# Have a few bookcase questions. Would love some advice.



## DanMar (Feb 15, 2013)

Well...my very long post was lost just now, so here goes a second attempt :wallbash:. 


I have a few lingering decisions to make in regard to some VERY simple bookcases I'd like to build. I hope to get some feedback from the experienced members here. Thanks for your time.




Some background information.

I'm planning to copy the the very basic Ikea Billy Bookcase design (link). I prefer the style and it's less work for me as an inexperienced (ie. I have no experience at all) woodworker. I plan to use my own dimensions, but they're not 100% set in concrete yet. The following dimensions will be within +/- 2" of my final design. H 78" x W 20" x D 11 1/4". It will be built out of Poplar board that can be found at my local Home Depot and held together with Elmer's Wood Glue and 16 gauge finishing/brad(??) nails. I plan on having the center shelf as a permanent shelf for extra support, while the rest are adjustable. This matches the design of the Billy bookcase I linked to above.

Now for my questions below.




Question 1: Does this design need a permanent shelf for support?

Since I am matching the design of the Billy bookcase, the center shelf will be fixed in place. I'm assuming this design choice has A LOT to do with the material used(particle board), which will have a tendency to sag or round out in the center under max load. Should I leave the fixed shelf in the plans or will Poplar board allow for all shelves to be adjustable?



Question 2: I plan to use either the L-Shaped (example) or the Spoon shaped(?) (example) 5mm shelf pins. Will either of these be sufficient under max load?

Based on my calculations, max load will be 60lbs maximum per shelf.
I feel the design of the L-shaped pins allow for better distribution of weight and puts less pressure on the pin holes. Am I correct in assuming this? At the weight listed above, will it even matter which style of shelf pin I choose?



Question 3: Would an L-shaped shelf pin cause any issues in regard to the fitting in of an adjustable shelf?

If, for example, I have a shelf sized to 20" exactly, will thickness of the L-shaped pins cause a snug or too tight of a fit? Or are we talking millimeters here and it doesn't matter at all? Sorry for the poor wording.



Question 4: Can I raise the sides and use the top as another shelf?
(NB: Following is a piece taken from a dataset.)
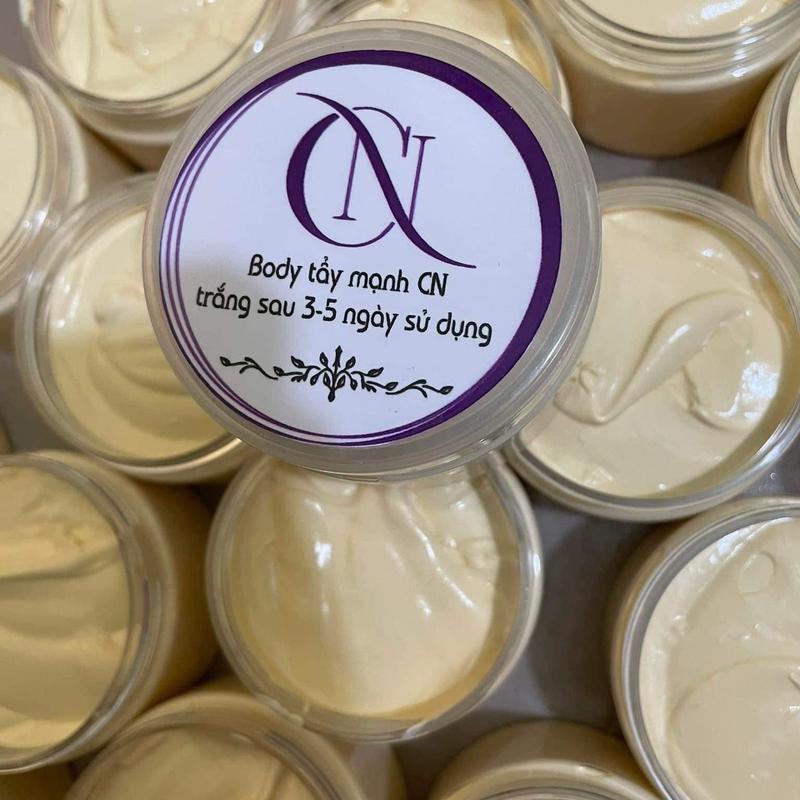 Body tẩy mạnh 3 hủ được giá sĩ tặng 1 sét tắm trắng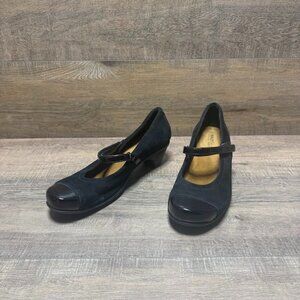Noat Flare Black Suede  Mary Jane Style Heels Women's Size EU 42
Example of what I mean below. Notice how this person uses the top as another shelf. I'd like to do the same to the design I linked to above. This would add a seventh, open-top shelf. Could I keep the design exactly the same--put together in the same manner detailed above--without compromising the sturdiness of the shelf? Would the fixed center shelf be needed at this point or could I do without it?












Question 5: Is Poplar a good wood to use in regard to tannic acid levels?

I've recently stumbled upon the issue of tannic acid and the negative effects it can have on books over their lifetime. I don't want to worry about it too much. I figure I will just choose a less acidic species and prime, paint and seal like I originally planned. That's why I decided on Poplar board. I've read a few recommendations for it's use over Oak or Pine; Not that Oak is even in my budget. 




Again..sorry for my poor wording. If any clarification or elaboration is needed, please let me know. Thanks for your time.


----------



## Toolman50 (Mar 22, 2015)

*Bookcase*

Now for my answers to your questions below.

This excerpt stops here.